## AIM OF THE TASK
For this exercise, output exactly and only the lines running from the one with "A young woman" through the final line of the data below, without pictures.

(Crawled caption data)

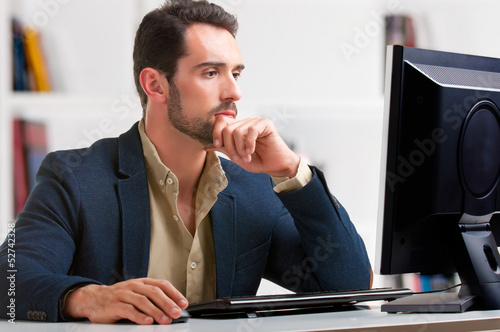 Man Looking At A Computer Monitor
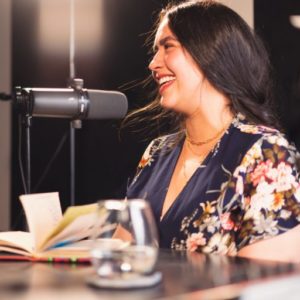 A young woman smiles as she records a book in a studio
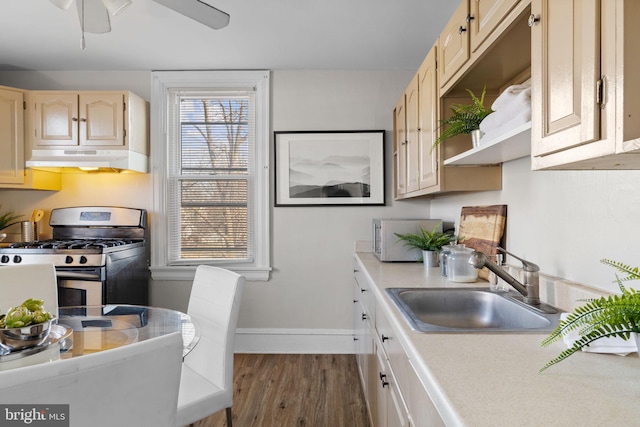 kitchen with dark wood finished floors, light countertops, stainless steel gas stove, a sink, and under cabinet range hood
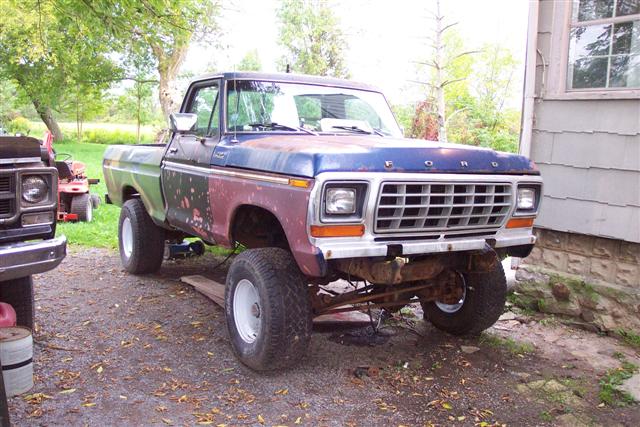 Lifted 1979 Ford F-100 pickup in mixed blue, red, and green primer panels on gravel driveway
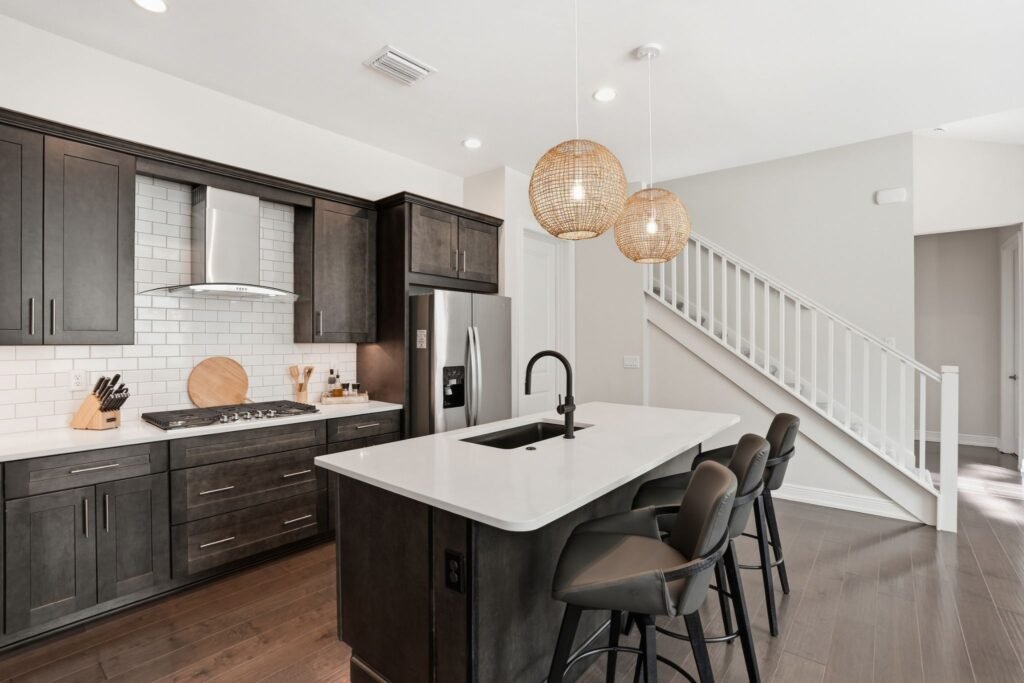 Modern open-concept kitchen featuring dark wood cabinets, a white quartz island with seating, a white subway tile backsplash, and a staircase view at 9194 Cayman Drive in Naples, Florida.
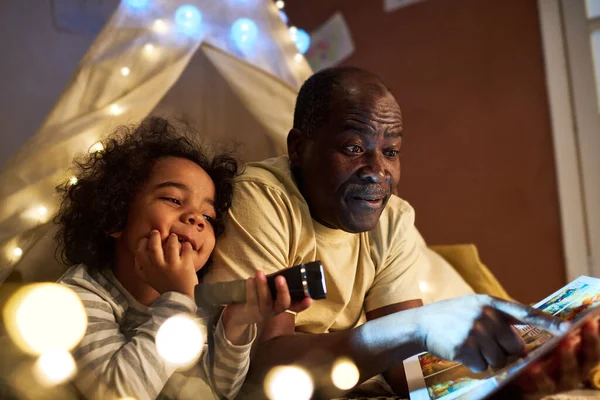 African American dad reading fairytale book to his child while they sitting in tent and using flashlight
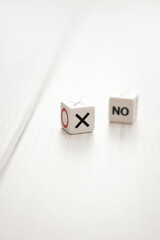 'YES' or 'NO' and 'X' or 'O' dice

## REPLY TO THE EXERCISE
 A young woman smiles as she records a book in a studio
 kitchen with dark wood finished floors, light countertops, stainless steel gas stove, a sink, and under cabinet range hood
 Lifted 1979 Ford F-100 pickup in mixed blue, red, and green primer panels on gravel driveway
 Modern open-concept kitchen featuring dark wood cabinets, a white quartz island with seating, a white subway tile backsplash, and a staircase view at 9194 Cayman Drive in Naples, Florida.
 African American dad reading fairytale book to his child while they sitting in tent and using flashlight
 'YES' or 'NO' and 'X' or 'O' dice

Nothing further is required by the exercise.